### EXERCISE DIRECTIONS
From the listing below, copy only the lines from the line that contains "Nutricost Poudre Bio" to the line that contains "Sport blonde. Beautiful", counting those two lines as part of the copy.

### RECORDS SHOWN
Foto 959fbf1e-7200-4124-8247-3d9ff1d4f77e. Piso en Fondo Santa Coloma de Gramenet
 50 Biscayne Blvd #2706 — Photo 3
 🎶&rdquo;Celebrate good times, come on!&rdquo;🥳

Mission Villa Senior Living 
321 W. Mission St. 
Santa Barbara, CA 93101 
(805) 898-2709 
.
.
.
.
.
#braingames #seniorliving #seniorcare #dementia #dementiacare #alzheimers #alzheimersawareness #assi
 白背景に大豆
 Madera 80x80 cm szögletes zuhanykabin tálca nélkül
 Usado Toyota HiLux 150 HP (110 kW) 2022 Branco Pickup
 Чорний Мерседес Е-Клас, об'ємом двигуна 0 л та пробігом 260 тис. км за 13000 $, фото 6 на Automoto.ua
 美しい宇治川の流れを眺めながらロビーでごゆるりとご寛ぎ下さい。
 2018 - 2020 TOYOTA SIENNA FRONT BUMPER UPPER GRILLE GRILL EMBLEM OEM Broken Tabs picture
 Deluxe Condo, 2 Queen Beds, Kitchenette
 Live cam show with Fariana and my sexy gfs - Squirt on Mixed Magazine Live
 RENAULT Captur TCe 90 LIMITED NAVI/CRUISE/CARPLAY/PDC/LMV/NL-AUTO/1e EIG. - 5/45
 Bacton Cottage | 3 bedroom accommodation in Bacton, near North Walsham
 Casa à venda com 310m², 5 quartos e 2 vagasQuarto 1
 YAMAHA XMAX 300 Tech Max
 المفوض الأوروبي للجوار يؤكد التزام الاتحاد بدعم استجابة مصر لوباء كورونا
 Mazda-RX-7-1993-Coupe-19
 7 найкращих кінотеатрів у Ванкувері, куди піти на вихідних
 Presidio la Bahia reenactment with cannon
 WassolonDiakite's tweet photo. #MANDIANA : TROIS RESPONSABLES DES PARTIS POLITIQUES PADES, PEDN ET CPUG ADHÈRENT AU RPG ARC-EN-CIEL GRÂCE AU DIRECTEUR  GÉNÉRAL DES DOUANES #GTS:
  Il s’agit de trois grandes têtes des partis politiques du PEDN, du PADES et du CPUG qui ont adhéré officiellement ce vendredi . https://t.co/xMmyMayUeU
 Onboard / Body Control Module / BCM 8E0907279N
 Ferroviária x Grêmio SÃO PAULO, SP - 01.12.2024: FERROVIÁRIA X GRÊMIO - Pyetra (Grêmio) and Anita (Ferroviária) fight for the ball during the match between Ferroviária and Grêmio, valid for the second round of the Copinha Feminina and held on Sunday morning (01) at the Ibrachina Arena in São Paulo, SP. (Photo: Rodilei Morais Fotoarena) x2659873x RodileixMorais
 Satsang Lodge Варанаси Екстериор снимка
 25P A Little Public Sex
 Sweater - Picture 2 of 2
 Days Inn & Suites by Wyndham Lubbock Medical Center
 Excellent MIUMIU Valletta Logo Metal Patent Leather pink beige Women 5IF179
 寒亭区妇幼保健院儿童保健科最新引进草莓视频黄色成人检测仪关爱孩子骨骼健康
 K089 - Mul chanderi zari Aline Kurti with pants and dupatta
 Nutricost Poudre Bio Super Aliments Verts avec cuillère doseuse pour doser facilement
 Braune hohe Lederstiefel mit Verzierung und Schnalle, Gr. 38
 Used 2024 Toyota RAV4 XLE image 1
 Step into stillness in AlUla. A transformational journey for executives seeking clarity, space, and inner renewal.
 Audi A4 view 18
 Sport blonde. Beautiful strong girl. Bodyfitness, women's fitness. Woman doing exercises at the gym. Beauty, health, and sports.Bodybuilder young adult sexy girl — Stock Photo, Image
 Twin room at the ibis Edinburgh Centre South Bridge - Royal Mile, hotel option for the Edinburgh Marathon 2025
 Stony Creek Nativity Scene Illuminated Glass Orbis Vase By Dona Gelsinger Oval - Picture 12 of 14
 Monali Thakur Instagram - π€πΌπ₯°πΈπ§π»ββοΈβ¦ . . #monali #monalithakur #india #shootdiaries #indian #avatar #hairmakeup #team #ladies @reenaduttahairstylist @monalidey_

### ANSWER SPACE
 Nutricost Poudre Bio Super Aliments Verts avec cuillère doseuse pour doser facilement
 Braune hohe Lederstiefel mit Verzierung und Schnalle, Gr. 38
 Used 2024 Toyota RAV4 XLE image 1
 Step into stillness in AlUla. A transformational journey for executives seeking clarity, space, and inner renewal.
 Audi A4 view 18
 Sport blonde. Beautiful strong girl. Bodyfitness, women's fitness. Woman doing exercises at the gym. Beauty, health, and sports.Bodybuilder young adult sexy girl — Stock Photo, Image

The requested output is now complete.